His thirst for non-scripted fighting outside WWE proved undeniable after he felt completely recovered from the intestinal ailment diverticulitis that he blamed for his departure following a knockout loss to Alistair Overeem.
"I [considered coming back] for a while, and really I was standing there one day on my property [in Canada] and just thought, 'It's time,'" he said.
"I can't sit and think about this and be caught up in this thought process of wanting and wishing and wondering if I should do it.
"I'm a person who pulls the trigger. I don't want any regrets. That's how simple it really was. I didn't want to be sitting around the rest of my days on this earth wondering why I didn't step back in the cage again, so here we are."
How long it will last is known to only a small circle of men, perhaps only Lesnar and his WWE boss Vince McMahon, who wasn't immediately available for comment on the hypothetical scenario of an impressive Saturday victory by Lesnar.
UFC President Dana White has respectfully maintained this is "one-and-done" venture, but company Chairman Lorenzo Fertitta confessed victory could provoke follow-up conversations.

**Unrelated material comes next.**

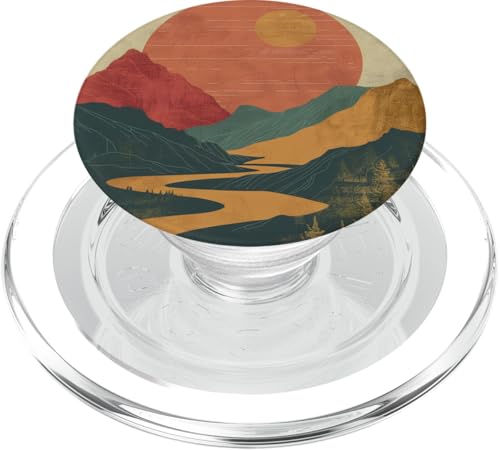 Retro Vintage Sonnenuntergang Landschaft Berg PopSockets PopGrip für MagSafe Retro Vintage Sonnenuntergang Landschaft Berg PopSockets PopGrip für MagSafe von 70S 60S Style Art Accessoires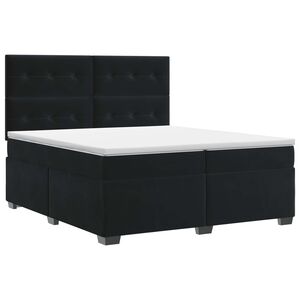 vidaXL Kontinentālā gulta ar matraci Melns 200 x 200 cm Samts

On the dais Wednesday, for instance, sat Cain Velsasquez, who took Lesnar's belt at Honda Center.
"Brock Lesnar remains under contract to WWE, however, we granted his request for a one-off opportunity to compete at UFC 200," a WWE spokesperson emailed in a statement to the Los Angeles Times on Wednesday. "Brock will make his WWE return at SummerSlam on August 21 [at Brooklyn's Barclays Center] live on WWE Network."
Lesnar acknowledged, "I'm booked through August and then we'll see what happens," with WWE, but he's implied in an interview with Fox that if things are going well in the UFC, McMahon will find a happier Lesnar a more pleasant employee.
"I guess [the future beyond UFC 200] is not a question for me, that's a question for Vince McMahon, right?" Lesnar said at the news conference. "Let's get through Saturday and see what happens."
The packed UFC 200 fight week schedule begins Thursday night at MGM Grand with Huntington Beach-trained lightweight champion Rafael dos Anjos (25-7) making the second defense of his belt, against Eddie Alvarez (24-7).
Alvarez has posted consecutive victories by decision over former champion Anthony Pettis and top contender Gilbert Melendez.